O. J. L.: 'It may have been a shelter.'
'It might have been. Try to show Feda. At the back he shows me lines going down. It looks like a black background, with lines at the back of them. (Feda here kept drawing vertical lines in the air.)'
(The shelter is suggested by O. J. L.; Feda takes the hint and visualises the shelter. Most shelters have vertical lines in their structure. Such lines occur in the photograph and are strong 'evidence.' The background is not black except for two open windows.)

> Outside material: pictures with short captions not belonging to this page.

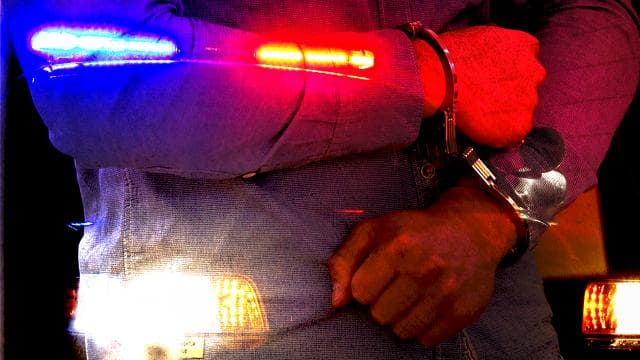 Kırmızı bültenle aranan uyuşturucu taciri Adana'da yakalandı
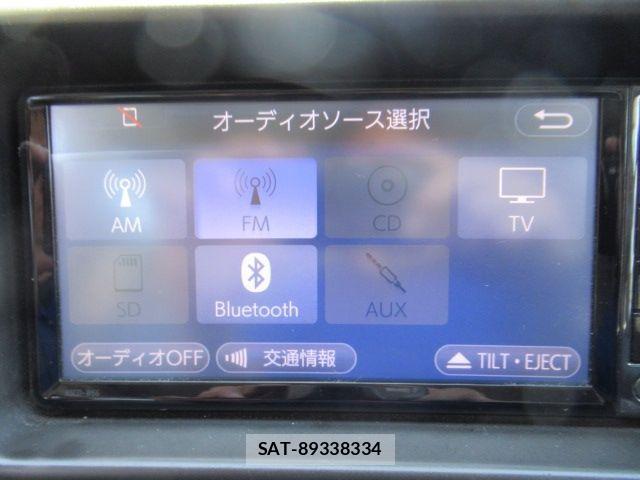 Toyota PIXIS VAN 2017-06 8414358-24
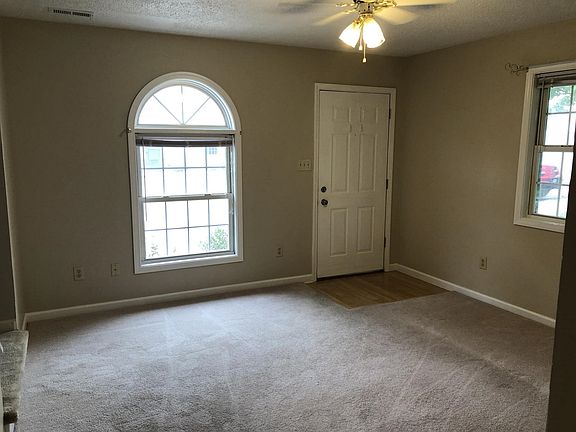 4th image of 835 E Sherwood Hills Dr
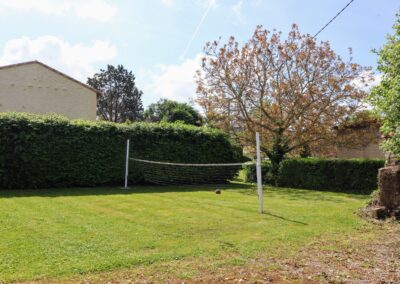 Vue du terrain de volley extérieur au Gîte de Chavigny, accessible aux vacanciers.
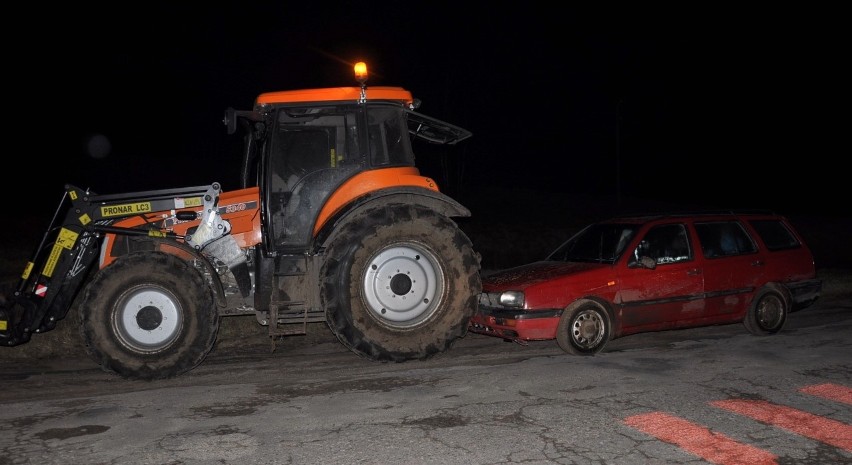 Ukradł golfa i dwa ciągniki. Wszystkimi zagrzebał się w błocie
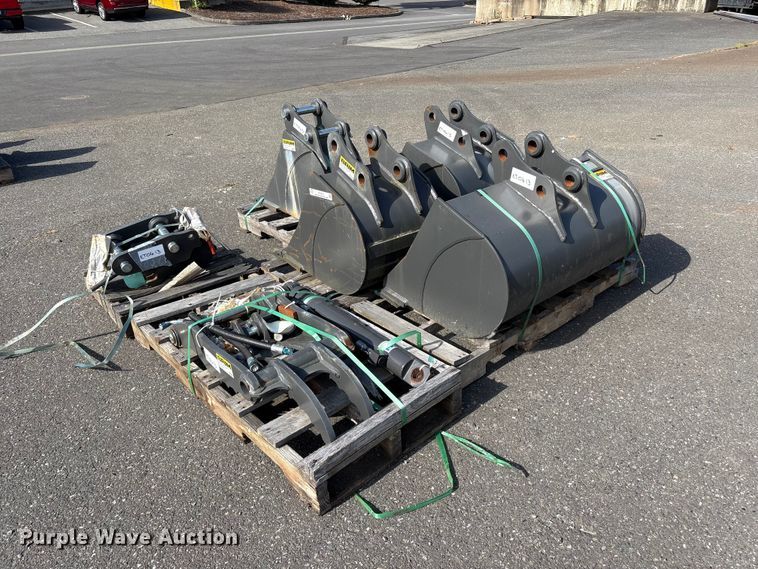 image for item ET0613 Excavator attachment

The only revelation worthy of attention is this: 'He remembers that some one wanted to lean on him; but he is not sure if he was taken with some one leaning on him.... The last what he gave you, what were a B, will be rather prominent in that photograph. It wasn't taken in a photographer's place.' (Few out-door groups are.)
In the photograph he has some one's hand[Pg 120] resting on his shoulder, and an ambiguous guess scores a hit. As for B, Sir Oliver writes: 'I have asked several people which member of the group seemed most prominent; and except as regards central position a well-lighted standing figure on the right has usually been pointed to as the most prominent. This one is "B", as stated, namely, Captain S. T. Boast.'
Some initials are guessed—C, B, R, and K. As there are twenty-one people in the group, and the alphabet contains only twenty-four letters (excluding X and Z), it is hardly a mathematical surprise that seventy-five per cent. are correct.
So much for the photograph that proved to be 'exactly as he described it' (Sir Arthur) and 'one of the best pieces of evidence that has been given' (Sir Oliver).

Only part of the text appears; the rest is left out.